In her introduction Delport discusses her philosophy which can be summed up as 'Eat real food, mostly plants, but not too much'. She aims at reaching umami, or yummy fare using many ingredients, but focussing on the importance of grains, beans and pulses as base food. She urges readers to shop at farmers’ markets, avoid GMO foods and items that are not free-range.
Starting with breakfast fare, there are recipes for bowls ranging from smoothies to oats, from chia seeds to Turkish poached eggs on quinoa with yoghurt and avo, baby spinach, goats cheese and more… Her avo hash has a long list of ingredients, is sustaining enough to take one through to supper
Salad bowls present some appetising combos – fig and goats cheese, salmon and edamame beans, courgettes and salmon, tomato and lentil. Many other ingredients also make the cut, adding spice, flavour, texture, crunch and dressings. Soups present an interesting selection: even in the popular classics like roasted tomato and red pepper she adds her own touch, Good use is made of coconut milk along with vegetable stock.

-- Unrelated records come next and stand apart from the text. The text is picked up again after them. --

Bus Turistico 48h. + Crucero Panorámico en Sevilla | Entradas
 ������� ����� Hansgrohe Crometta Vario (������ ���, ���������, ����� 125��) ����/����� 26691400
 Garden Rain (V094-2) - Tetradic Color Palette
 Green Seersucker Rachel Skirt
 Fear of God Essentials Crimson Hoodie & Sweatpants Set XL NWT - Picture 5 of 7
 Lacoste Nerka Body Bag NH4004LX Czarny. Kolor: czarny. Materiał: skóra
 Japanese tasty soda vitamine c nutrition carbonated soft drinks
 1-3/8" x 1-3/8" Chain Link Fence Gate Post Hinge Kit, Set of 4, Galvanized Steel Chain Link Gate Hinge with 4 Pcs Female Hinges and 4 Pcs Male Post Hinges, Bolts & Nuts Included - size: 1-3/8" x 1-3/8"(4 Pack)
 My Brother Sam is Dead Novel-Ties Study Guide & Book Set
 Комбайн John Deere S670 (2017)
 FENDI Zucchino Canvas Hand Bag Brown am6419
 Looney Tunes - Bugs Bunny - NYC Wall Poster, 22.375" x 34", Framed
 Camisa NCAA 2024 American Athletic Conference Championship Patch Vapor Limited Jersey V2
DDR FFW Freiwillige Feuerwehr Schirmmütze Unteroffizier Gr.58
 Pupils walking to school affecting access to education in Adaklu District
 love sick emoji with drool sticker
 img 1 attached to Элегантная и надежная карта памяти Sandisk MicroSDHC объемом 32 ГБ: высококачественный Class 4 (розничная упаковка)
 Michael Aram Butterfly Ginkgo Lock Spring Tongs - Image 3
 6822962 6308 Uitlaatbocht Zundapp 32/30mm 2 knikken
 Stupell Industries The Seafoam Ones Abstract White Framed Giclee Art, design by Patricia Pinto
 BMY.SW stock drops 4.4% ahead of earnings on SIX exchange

Bowing to the present trend of resurrecting ancient grains, a colourful collection of salads, poultry and meat one-dish creations feature quinoa, barley, millet, spelt, freekah, brown rice as well as a host of veggies and pulses.
Home bowls are comfort food , robust, several one-pot wonders while others require more time and attention, Oodles of Noodles is self-explanatory, the recipes in this chapter occasionally use wheat noodles, many more are made from other flours and grains. In the chapter on Table Bowls entertaining is the objective, sharing bowls that are made up of side dishes, dips, starters, and snacks. These dinner parties could start with tuna ceviche or guacamole or baba ganoush all served with corn chips. Among the mains you will find pasta and pesto variations, followed by a vegan honey mustard carrot bowl. Drinks are not neglected, and the sparkling lime and pomegranate looks inviting for a summery party.There are a few desserts - think dates with salted caramel truffle and popcorn or apple and pear coconut crumble with coconut ice cream, a vegan finale.
While neither solely vegan nor a vegetarian collection, many of the close to 90 recipes are sans meat, chicken or fish. All are nourishing, offering healthy and balanced meals in a bowl, several contain a large number of ingredients, and a few will take a fair amount of time. But what Delport has done is to take the guesswork out of bowl food, having spent much time creating dishes that are tasty.
She goes further to promote healing one’s relationship with food, treating your body with respect and nourishing it with fresh food that will leave you energised. All part, she says of finding happiness with food.
Every recipe is illustrated and a detailed index concludes the text.